Puccini’s opera, “La Boheme,” will be the next Metropolitan HD broadcast at Colorado Mountain College, Breckenridge, on Saturday, Feb. 24. Note the earlier opening schedule at 10:30 a.m.

The story of “La Boheme” is based on an early 19th-century novel by Henry Merger, relating his own experience as a desperately poor writer living in a Parisian attic. Puccini’s opera version is a vocal and instrumental masterpiece, suitable for inviting anyone new to the scene. With its world premier in Turin, Italy, in 1896, it has been the most frequently performed opera on the Metropolitan Opera stage, there being over 500 performances since its opening in the year 1900. Current reviews in the New York Times describe Franco Zeffirelli’s current production as “a masterpiece of emotional manipulation” and “theatrical and inventive.”

Act I opens in the study of the poor poet Rodolfo (performed by tenor Michael Fabriano) in discussion with his friend Marcello (performed by baritone Lucas Mekachem) along with several invited artists, including land owner Benolt (performed by bass Paul Plushka) in search of overdue rent. After they leave, Rodolfo is interrupted by a knock on the door.

A lovely young woman, Mimi (performed by soprano Sonya Yoncheva), enters the room. Rodolfo notices her sickly appearance and assists her from fainting, as she loses her key. While both are searching, Rodolfo finding the key and puts it into his pocket. He takes Mimi’s cold hand while singing a love aria, “Che gelida manina,” which translates to ”What a cold little hand.” Mimi introduces herself with the famous aria “Mi chiamano Mimi” (“They call me Mimi”). They then depart out the door singing on their way to the Café Mamus.

Act II is a choral gathering of café vendors and shoppers at the Café Mamus. Soon appearing is the pretty, flirtatious young woman, Musetta (performed by soprano Susanna Phillips), who in time sings the famous aria “Musetta’s Waltz,” bragging how men admire her wherever she goes, and finally falls into Marcello’s embrace.

Act III is in the city outskirts. After conversations with Marcello and Musetta, Rodolfo and Mimi decide to depart without bitterness, as their mutual poor status precludes future marriage. Act IV is several months later at a small gathering in Rodolfo’s study. Mimi, sick and weak is brought in by Musetta. In a final aria expressing her undying love for Rodolfo, Mimi experiences sudden death. In desolation, as the opera ends, Rodolfo cries out her name.

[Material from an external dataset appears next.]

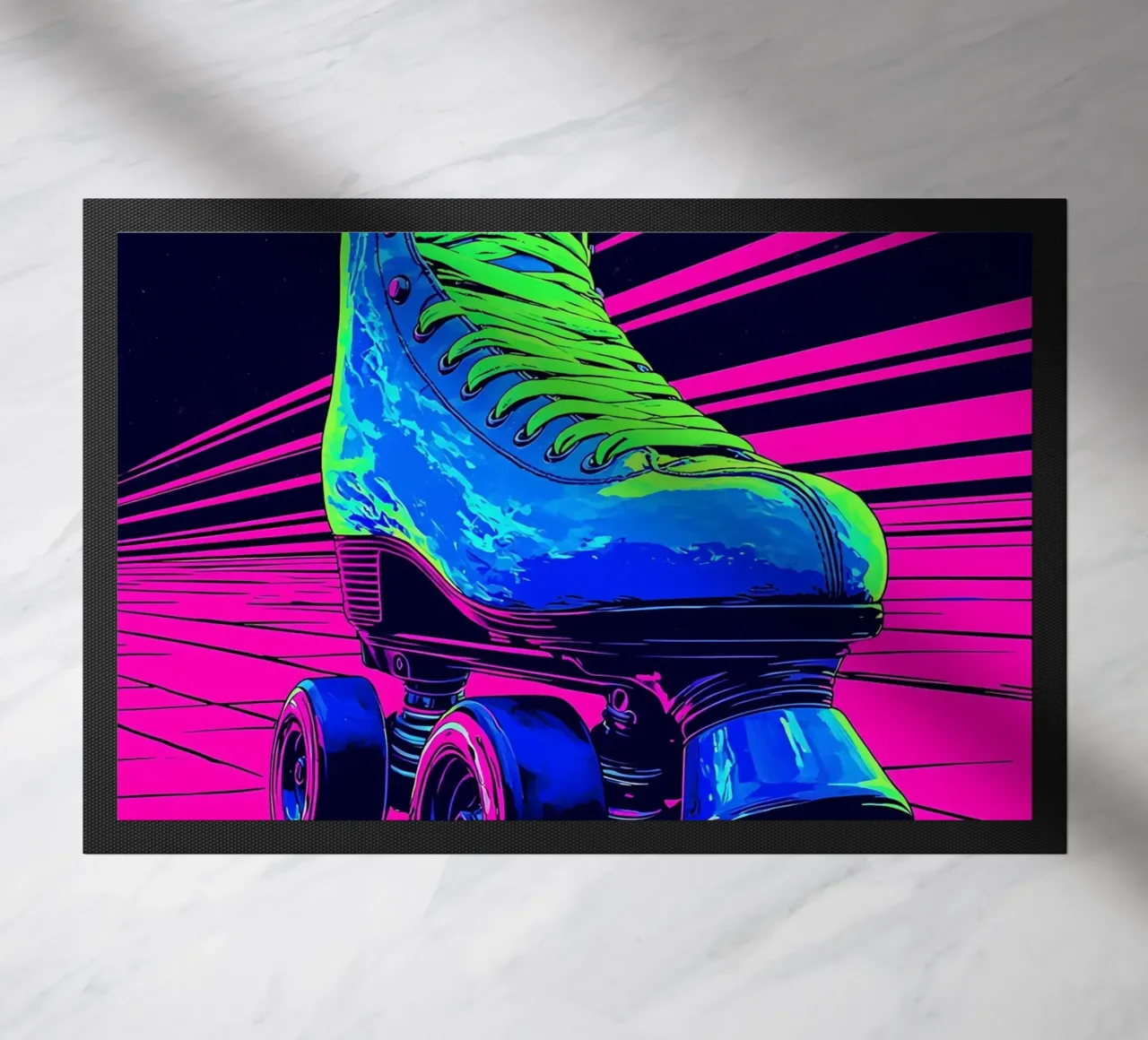 Pattini a rotelle - Pop Art zerbino da ColorCrash Gallery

“La Boheme” can stake its claim as the world’s most popular opera. The music with orchestral timing, conducted by Marco Armiliato, is lilting throughout. The many melodious and heartfelt arias, reaching the souls of those attending, goes beyond being mere entertainment. “La Boheme,” revealing the depiction of the joys and sorrows of love and loss, has the marvelous ability to make a powerful first impression and perhaps bring back personal memories among many of those in attendance.

Those attending are requested to bring their own intermission lunches. Coffee, tea, and fruit juices will be provided.